I have an old Craftsman 8HP Dual Stage snow blower model # c-950-52477-5. Because I was having problems moving the snow I assumed it was the bearing #18 in the diagram so I replaced the bearing (was definitely loose) and the pulley (Had to cut off the pulley because I couldn't remove). I put the blower back together and tried to push some snow. Both the Impeller and Augers where moving so I assumed ever thing was fine but as soon as I got load on the machine the augers and impeller stopped pushing the snow out the chute. (Shear bolts are both okay). I now assume that there is a problem within the gear box. I would like someone's opinion before I tear open this unit and look around.

Thanks Greg

Ps. I am new to the forum


----------



## micah68kj

Are the augers and impeller actually truning or do they stop turning when under a load? If they're still turning you may need to adjust belt tension. If machine is turning but not gettimg the snow out of the chute it ay need an impeller kit. 
Please explain in better detail what it is doing or not doing.


----------



## tuffnell

I would suspect that the belt tensioner is not set properly or the belt is stretched or maybe glazed. Since you said it stops throwing snow when you load it up.


----------



## td5771

put it under a load, if the auger AND the impeller BOTH stop. it is your belts/tensioner etc.

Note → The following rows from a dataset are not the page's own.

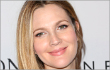 Drew Barrymore Akui Tak Lagi Bicara dengan Ibu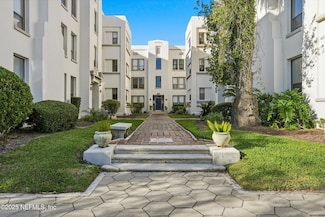 2545 Oak St Unit 18, Jacksonville, FL 32204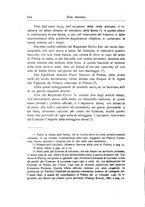 giornale/LO10017294/1926/unico/00000128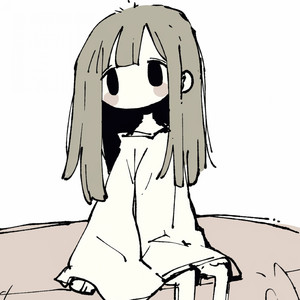 まってちょとまって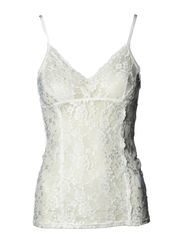 Day Birger et Mikkelsen Day Passion - Corn Silk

if the augers stop but the impeller keeps spinning your gearbox is bad--if the augers are not feeding the impeller snow there will be nothing to throw out.


----------



## Kiss4aFrog

+1 TD5771

Need better description of problem.


----------



## oldgeezor

I agree with TD5771 at this point. While my belt looks in good shape there is way too much play before engaging the tensioner and even after. I have the tensioner maxed out so cannot adjust anymore. My next step is to measure the belt, order a new one and compare the difference. I just have a feeling they (Sears) are not providing the right size at this point even though they get the correct model # of the blower. I will keep you posted.


----------



## nt40lanman

You can figure what you need, bring yours to Napa and they can measure and get you a slightly shorter one in their equipment belt line. FWIW I had to run my new belt an hour to stretch it before the auger would stop when disengaged.


----------



## oldgeezor

NT40LandMan..I did what you suggested and went to Napa...got a belt 1/2" smaller than what Sears part was. It is now back together and everything looks good. Impeller driving well along with the augers. Need to have some snow now to test it out.

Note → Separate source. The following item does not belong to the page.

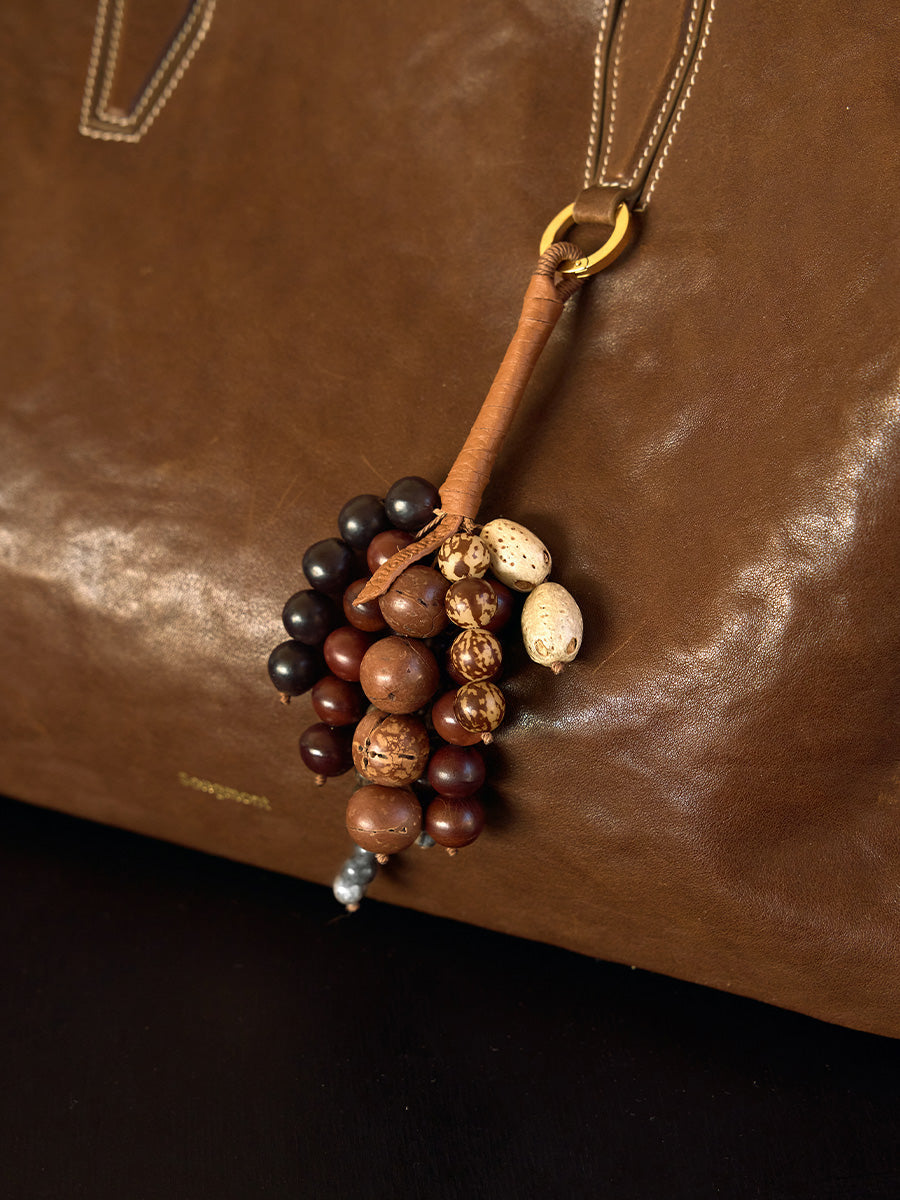 Savaya Charm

Ps. Napa Belt was around $8.50, Sears want $18.99 ..big difference..


----------



## Kiss4aFrog

What was the NAPA part number ??


----------



## oldgeezor

The Napa Belt is 4L310 which is a 31" belt where Sears sells a 31.4" for my snowblower. The Napa belt fits perfectly.


----------



## oldgeezor

Well we got the snow I needed to test the blower. It was a combination of snow then rain and then freezing. The snow blower was able to cut through this mess with no problem, sometimes sending snow out about 10'-15'.

So it appears the new belt along with the new bearing has fixed my problem.

Thanks for all the comments.


----------



## td5771

Thanks for posting the results, I am still waiting for a few to see if I was way off base or close.


----------